The second key shift referenced is the spread of information powered by technology, which means that we as consumers are ever more aware of the reality behind many brands and products, e.g the sweatshops in the Far East making our cheap fashion.

Hesz and Neophytou believe these changes have turned us into guilt-laden penitents with a desire to expiate our sins – penitents looking to governments and corporations to help us do just that.

For this reason, they suggest that those businesses which truly enable us to alleviate guilt will be the success stories going forward. This may be done by delivering genuinely responsible corporate behaviour (the Co-operative is held up as a good example of this), or by enabling us as consumers to actively work at reducing our guilt (airlines offering carbon offsetting being the key approach cited by the book). ‘Hollow’ responsibility messages will fail, creating a ‘Green Gap’ – the distance between what a brand says it will do, and what it truly actions. The book cites Marks & Spencer’s Plan A campaign as an example of such a situation.
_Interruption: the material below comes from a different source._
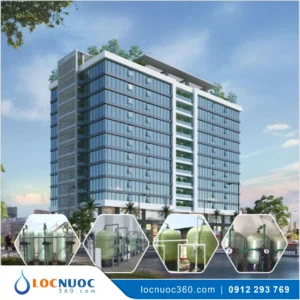 Hệ thống lọc tổng 15 m3 cho Tòa nhà văn phòng VSK15-LT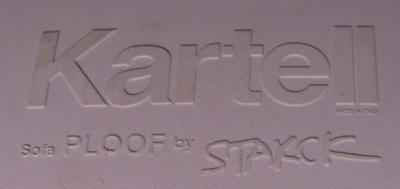 Kartell Modern Indoor Outdoor Philippe Starck for Kartell Ploof Settee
Guilt Trip, then, is a wide-ranging review around the evolution of mass communication (and the evolution of the consumer) which contends that fear has long been the most important emotional tool at marketing’s disposal, but has recently been deposed by guilt. This, they suggest, has profound repercussions on how we should approach – and do – mass communication going forward. What the reader will not find within Guilt Trip, though, is a consideration of other powerful emotions which marketing can - and does - make use of. Their emphasis on fear and then guilt does require context, and would benefit from examination of the broader emotional landscape of the consumer – as well as the other emotional tools which the marketer might realistically utilise.